◆ WHAT YOU ARE ASKED TO DO:
Give every line of the material back exactly, images removed.

◆ DATA SECTION:

..............................

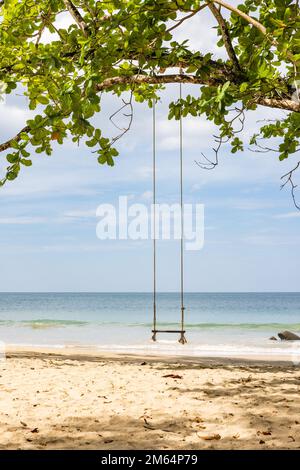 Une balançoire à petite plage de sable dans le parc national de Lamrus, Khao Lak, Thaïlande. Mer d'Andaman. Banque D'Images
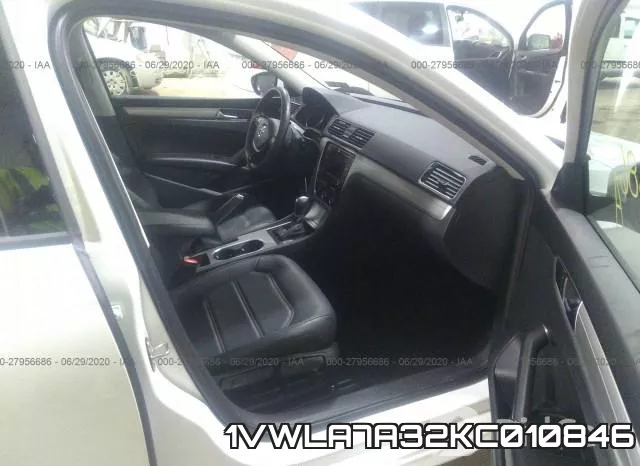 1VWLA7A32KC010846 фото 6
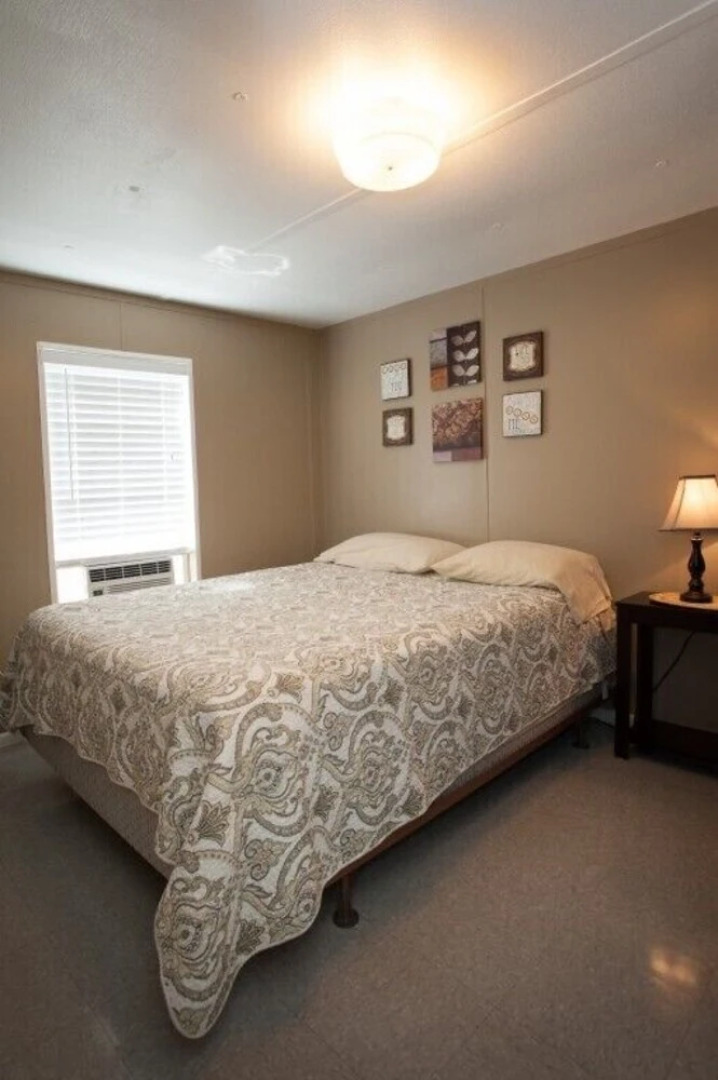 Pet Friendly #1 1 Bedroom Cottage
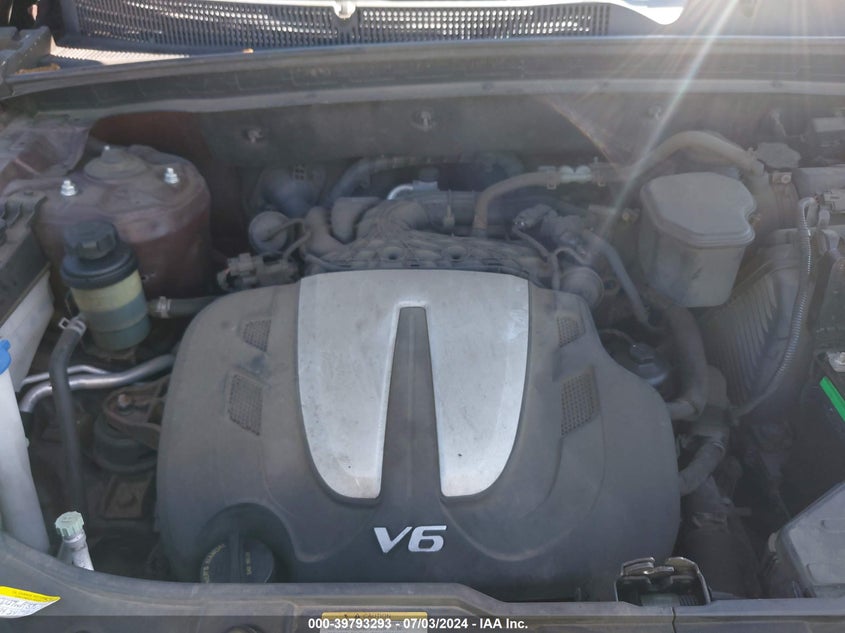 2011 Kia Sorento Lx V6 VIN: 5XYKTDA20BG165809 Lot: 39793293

..............................

◆ OUTPUT OF THE TASK:
 Une balançoire à petite plage de sable dans le parc national de Lamrus, Khao Lak, Thaïlande. Mer d'Andaman. Banque D'Images
 1VWLA7A32KC010846 фото 6
 Pet Friendly #1 1 Bedroom Cottage
 2011 Kia Sorento Lx V6 VIN: 5XYKTDA20BG165809 Lot: 39793293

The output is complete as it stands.